Biologists have found enterococcus, invulnerable to the action of all the “last resort” antibiotics, in the wastewater of two dozen treatment facilities in the UK. A description of the bacteria and possible ways to combat this threat were presented in the journal Genome Research.
In recent years, the problem of the emergence of so-called “superbugs” – microbes resistant to the action of one or several antibiotics – has become increasingly wider and more acute for physicians.
Among them are both rare pathogens, and very common and dangerous pathogens, such as Staphylococcus aureus (Staphilococcus aureus) or pneumococcus (Klebsiella pneumoniae). There is a real danger that all antibiotics will lose their effectiveness and medicine will return to the “dark ages.”
The main “incubators” of such microbes, as scientists believe today, are hospitals and livestock farms. Both on farms and in hospitals there are large numbers of potential carriers of the infection, bacteria themselves and antibiotics, forcing them to evolve and not allowing “ordinary” strains to force out less fertile super-microbes.
Sharon Peacock of the University of Cambridge (United Kingdom) and her colleagues found a much more dangerous and large “super incubator” incubator by studying water samples collected at two dozen water treatment plants built in different cities in Britain.
Their settlers, as scientists have suggested, should not be inferior to hospitals and farms in the ability to “deduce” new strains of microbes that are resistant to antibiotics, since all the same “ingredients” fall here, and in much larger quantities, as well as all possible nutrients necessary for the growth of bacteria.

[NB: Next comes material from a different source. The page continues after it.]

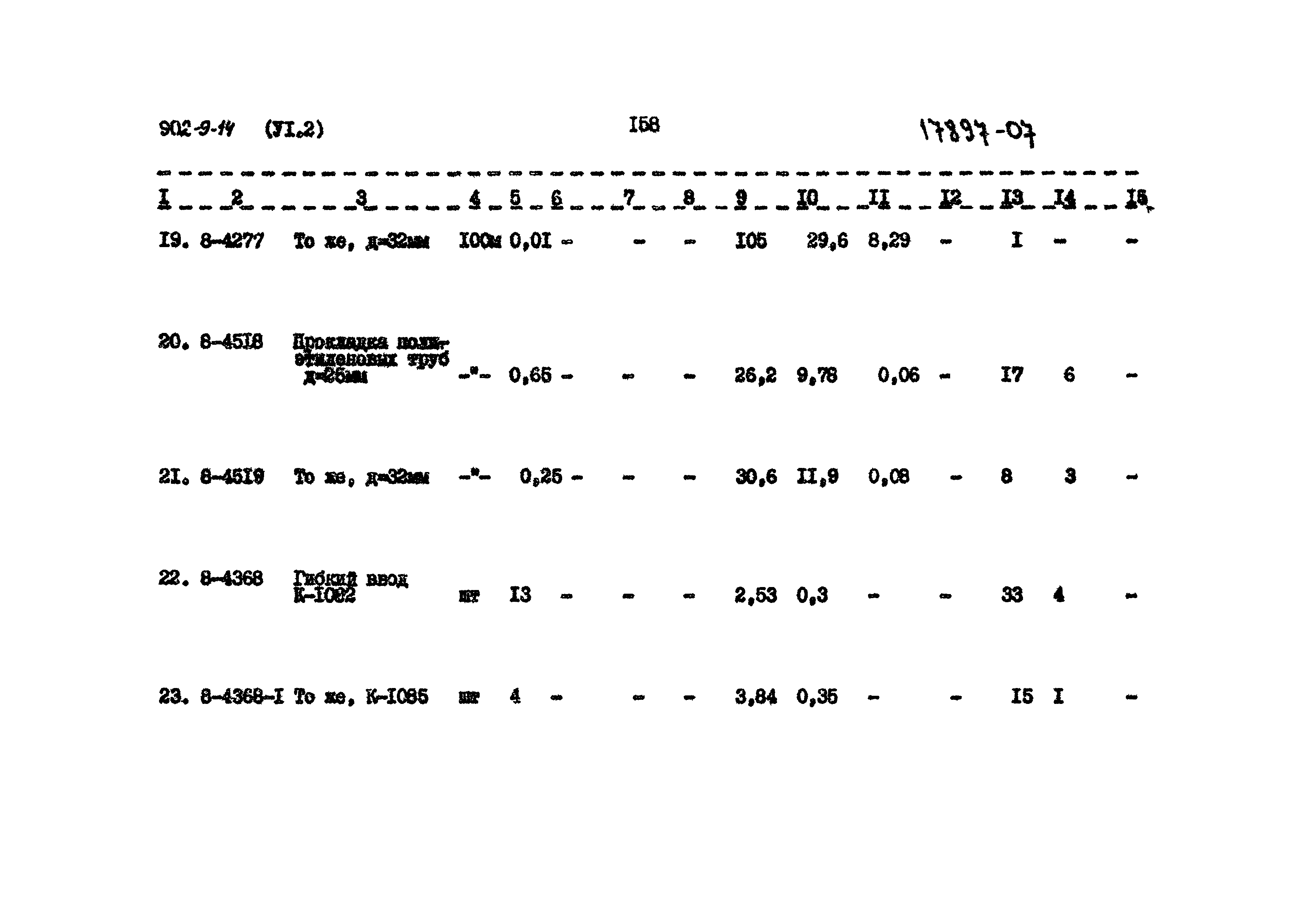 Типовой проект 902-9-14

The biologists’ suspicions were justified – they managed to find “superbugs” not only in the wastewater, but also in the already purified liquid in 17 of the 20 installations that they were able to study. On the other three, microbes were missing from treated sewage due to the fact that their owners used UV lamps for disinfection.
In all these samples, as the scientists note, several strains of Enterococcus (Enterococcus faecium), invulnerable to the action of vancomycin, the popular “antibiotic of last resort”, as well as ampicillin and other yet effective drugs were present.

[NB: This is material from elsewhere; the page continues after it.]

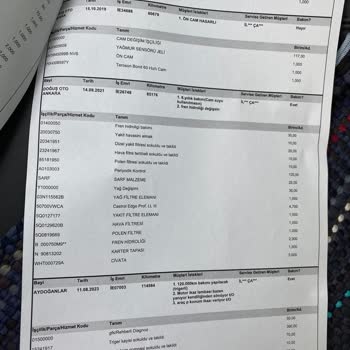 Göral Peugeot Yetkili Bayi İkinci El Kavraması Biten Aracı Sattılar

When scientists deciphered their genomes, they found that these microbes use the same genes to protect against the effects of antibiotics and various antibacterial drugs that other Enterococcus faecium strains found in the blood of patients and in hospital sewers have been found. As Peacock and her colleagues suggest, this suggests a direct relationship between them.
The discovery of dangerous varieties of this microbe in almost all wastewater treatment plants in British cities, according to researchers, suggests that physicians are now underestimating the danger of “supermicrobes” and the speed with which they can spread around the environment and survive in it.
How to deal with them? The absence of enterococcus in purified water at three stations using ultraviolet lamps indicates that as long as they remain the most effective means to combat supermicrobes. Scientists propose to install such devices at all wastewater treatment plants in Britain to curb the further spread of infection.